Regardless of previous experience with plants or nature, any patient can benefit from horticultural therapy. Any plant-related activity can address a rehabilitation goal, whether it’s practicing standing endurance, dynamic balance, strengthening, or following sequential instructions. And everyone benefits from a change of scenery away from the gym on the unit. Patients who were gardeners before the injury or illness that brought them to MossRehab are perfect candidates for horticultural therapy. I take these individuals outside to the garden and show them the raised beds where they can work from a seated or standing level. I introduce different tools to support any weakness in their upper or lower body. Acquainting patients with adaptive methods encourages them to continue gardening.

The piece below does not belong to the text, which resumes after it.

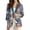 Blue and Pink - Monstera, variant on LedBack Checkered Print Blazer Linen-Style Suit Blazer Jacket with 2 Pockets Lightweight 3/4 Sleeve Blazers for Women Business Casual Outfits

Scientific research is beginning to prove that plants have a positive physical and cognitive effect on human beings. One of my goals is to show people that connecting with nature in some way, such as visiting a local park for a walk or keeping houseplants in the home, can provide a meaningful and restorative leisure experience.

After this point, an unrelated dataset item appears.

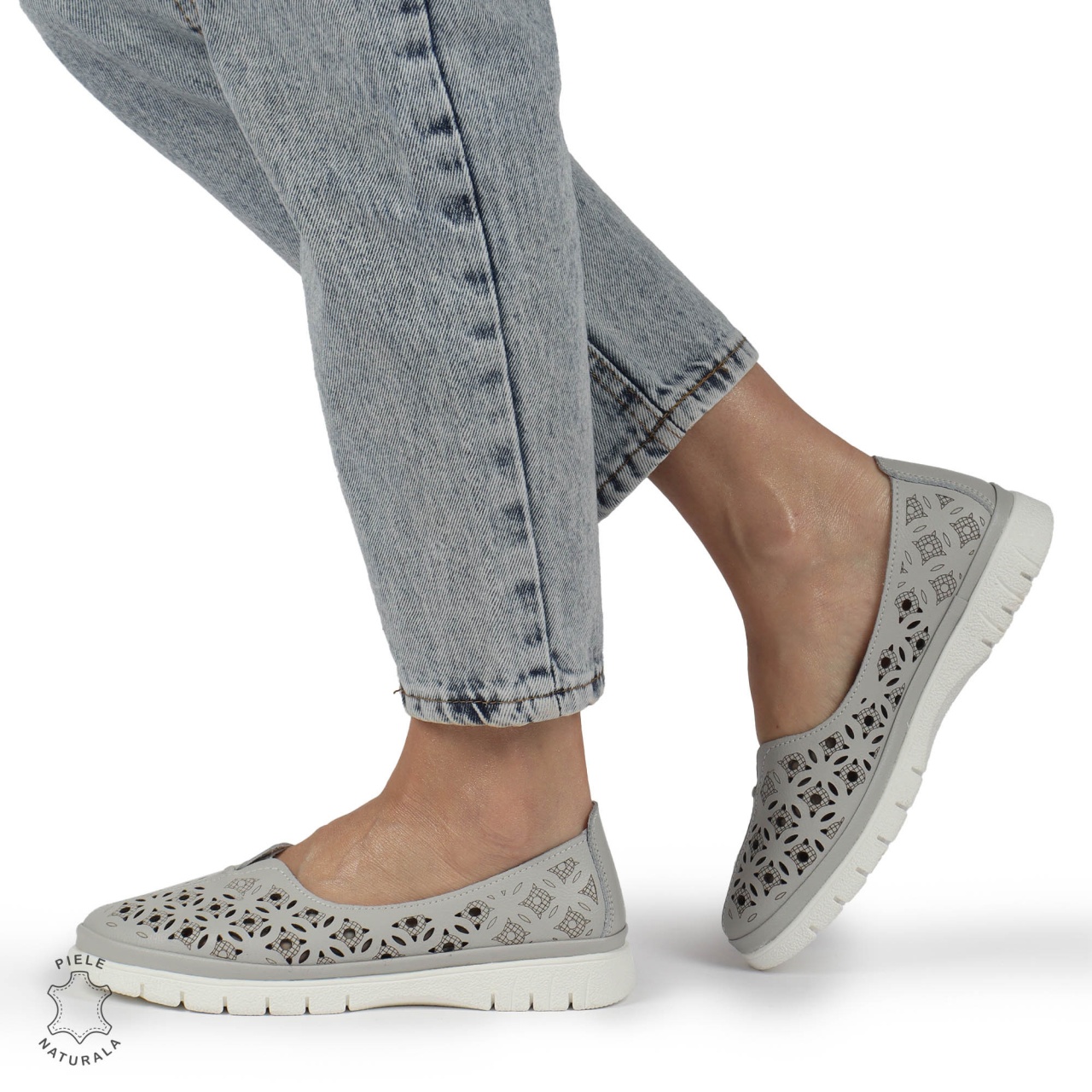 BALERINI dama din Piele naturala PERFORATA SLIP-ON CRL1360 GRI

What inspires you on the job?
The patients and how they are proud and excited when finishing a project. It's almost magical to see their faces light up when entering the conservatory or seeing their completed project. I have incredible respect for the therapists with whom I work. They are knowledgeable, well-trained in their profession, and very kind. It’s a respectful and collaborative work environment.
I’m also touched by the exchanges I witness between families and patients when they visit the showroom early in the evening when it’s quiet and intimate. They communicate differently in this space than they would in the hospital room.
What are your interests outside of work?
I'm very passionate about art. I have volunteered on an exhibit committee for a local art organization in my community. I’m also involved with promoting the field of horticultural therapy in healthcare and other settings where the practice can make an impact. I served as president of the Mid-Atlantic Horticultural Therapy Network (MAHTN) for four years and was on the board for 10. For leisure, I like to be outdoors, hiking, biking, or kayaking. I live near the Delaware River, so I am on the river or visit green spaces throughout the region.
What is the last book that you read?
On my nightstand is Oliver Sacks’ biography. I enjoy looking at horticulture and art books for inspiration.
What's something people don't know about you?
Horticultural therapy is a second career for me. Earlier, I had a diverse series of work experiences. I worked on an archaeology dig at the South Street Seaport in New York, examining the foundations of a block of Old Dutch houses. During that project, we found and excavated an 18thcentury merchant ship that was buried as a landfill.
What is your life motto?
Always have a positive attitude. If you work on being positive, it becomes an automatic attitude. There is a quote from Albert Einstein that I like that says, “Look deep into nature and you will understand everything better.” That’s how I feel about nature.